● DATA PROVIDED
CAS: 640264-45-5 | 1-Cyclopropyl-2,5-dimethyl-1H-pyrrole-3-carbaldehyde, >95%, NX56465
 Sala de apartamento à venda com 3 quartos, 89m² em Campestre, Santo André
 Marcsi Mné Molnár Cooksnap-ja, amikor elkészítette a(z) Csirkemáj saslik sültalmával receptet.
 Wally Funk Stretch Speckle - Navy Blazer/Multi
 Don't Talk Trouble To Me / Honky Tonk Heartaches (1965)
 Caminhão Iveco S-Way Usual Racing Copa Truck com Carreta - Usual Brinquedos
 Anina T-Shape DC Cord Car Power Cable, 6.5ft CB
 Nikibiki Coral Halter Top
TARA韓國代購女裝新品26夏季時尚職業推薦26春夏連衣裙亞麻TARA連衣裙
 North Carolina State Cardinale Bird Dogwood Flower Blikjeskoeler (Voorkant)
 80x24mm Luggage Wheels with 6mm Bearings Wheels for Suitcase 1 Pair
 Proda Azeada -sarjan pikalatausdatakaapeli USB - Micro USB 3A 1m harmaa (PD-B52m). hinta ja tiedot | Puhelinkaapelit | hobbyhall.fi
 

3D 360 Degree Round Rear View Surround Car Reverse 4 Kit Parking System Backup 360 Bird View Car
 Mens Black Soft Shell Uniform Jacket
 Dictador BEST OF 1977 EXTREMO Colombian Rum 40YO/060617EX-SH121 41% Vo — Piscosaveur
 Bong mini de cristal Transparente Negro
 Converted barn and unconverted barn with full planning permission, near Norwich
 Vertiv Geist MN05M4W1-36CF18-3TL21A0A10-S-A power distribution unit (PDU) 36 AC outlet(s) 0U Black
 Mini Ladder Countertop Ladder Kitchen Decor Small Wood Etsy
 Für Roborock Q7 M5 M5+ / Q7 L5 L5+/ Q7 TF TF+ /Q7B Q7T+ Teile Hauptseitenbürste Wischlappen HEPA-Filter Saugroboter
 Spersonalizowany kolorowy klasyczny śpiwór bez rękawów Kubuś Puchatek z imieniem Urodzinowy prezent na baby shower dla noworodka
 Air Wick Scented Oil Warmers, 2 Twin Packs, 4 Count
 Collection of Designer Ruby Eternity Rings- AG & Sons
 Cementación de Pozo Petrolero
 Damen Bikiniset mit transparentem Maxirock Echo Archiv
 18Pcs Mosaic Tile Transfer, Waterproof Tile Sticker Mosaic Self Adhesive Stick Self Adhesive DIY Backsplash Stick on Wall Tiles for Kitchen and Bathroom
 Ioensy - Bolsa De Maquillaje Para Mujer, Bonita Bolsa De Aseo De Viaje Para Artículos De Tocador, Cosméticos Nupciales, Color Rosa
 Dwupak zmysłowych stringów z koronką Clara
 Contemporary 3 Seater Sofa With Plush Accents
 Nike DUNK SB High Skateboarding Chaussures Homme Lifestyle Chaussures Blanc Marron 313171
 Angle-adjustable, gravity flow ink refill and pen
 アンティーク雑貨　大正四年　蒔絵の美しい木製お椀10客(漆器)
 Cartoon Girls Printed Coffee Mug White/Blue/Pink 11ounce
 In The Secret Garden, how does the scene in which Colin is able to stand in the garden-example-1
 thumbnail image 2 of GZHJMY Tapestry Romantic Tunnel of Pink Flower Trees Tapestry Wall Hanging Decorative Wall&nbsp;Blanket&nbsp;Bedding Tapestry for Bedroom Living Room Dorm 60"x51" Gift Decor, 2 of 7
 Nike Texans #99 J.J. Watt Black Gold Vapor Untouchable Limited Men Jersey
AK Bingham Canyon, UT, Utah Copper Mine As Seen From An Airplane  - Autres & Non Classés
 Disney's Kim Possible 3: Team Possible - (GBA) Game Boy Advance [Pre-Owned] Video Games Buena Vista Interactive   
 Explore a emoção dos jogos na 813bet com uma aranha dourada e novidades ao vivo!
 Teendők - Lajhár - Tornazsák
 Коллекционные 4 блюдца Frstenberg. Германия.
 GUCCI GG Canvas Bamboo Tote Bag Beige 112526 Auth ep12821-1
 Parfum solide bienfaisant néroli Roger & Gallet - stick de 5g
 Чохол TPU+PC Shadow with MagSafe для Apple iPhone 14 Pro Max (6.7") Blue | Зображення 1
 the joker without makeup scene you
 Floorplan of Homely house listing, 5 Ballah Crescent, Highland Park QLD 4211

● BRIEF
Please, from the entries above, set down exactly the lines from the one containing "Caminhão Iveco S-Way" through the one containing "Collection of Designer", and only those.

● ANSWER SPACE
 Caminhão Iveco S-Way Usual Racing Copa Truck com Carreta - Usual Brinquedos
 Anina T-Shape DC Cord Car Power Cable, 6.5ft CB
 Nikibiki Coral Halter Top
TARA韓國代購女裝新品26夏季時尚職業推薦26春夏連衣裙亞麻TARA連衣裙
 North Carolina State Cardinale Bird Dogwood Flower Blikjeskoeler (Voorkant)
 80x24mm Luggage Wheels with 6mm Bearings Wheels for Suitcase 1 Pair
 Proda Azeada -sarjan pikalatausdatakaapeli USB - Micro USB 3A 1m harmaa (PD-B52m). hinta ja tiedot | Puhelinkaapelit | hobbyhall.fi
 

3D 360 Degree Round Rear View Surround Car Reverse 4 Kit Parking System Backup 360 Bird View Car
 Mens Black Soft Shell Uniform Jacket
 Dictador BEST OF 1977 EXTREMO Colombian Rum 40YO/060617EX-SH121 41% Vo — Piscosaveur
 Bong mini de cristal Transparente Negro
 Converted barn and unconverted barn with full planning permission, near Norwich
 Vertiv Geist MN05M4W1-36CF18-3TL21A0A10-S-A power distribution unit (PDU) 36 AC outlet(s) 0U Black
 Mini Ladder Countertop Ladder Kitchen Decor Small Wood Etsy
 Für Roborock Q7 M5 M5+ / Q7 L5 L5+/ Q7 TF TF+ /Q7B Q7T+ Teile Hauptseitenbürste Wischlappen HEPA-Filter Saugroboter
 Spersonalizowany kolorowy klasyczny śpiwór bez rękawów Kubuś Puchatek z imieniem Urodzinowy prezent na baby shower dla noworodka
 Air Wick Scented Oil Warmers, 2 Twin Packs, 4 Count
 Collection of Designer Ruby Eternity Rings- AG & Sons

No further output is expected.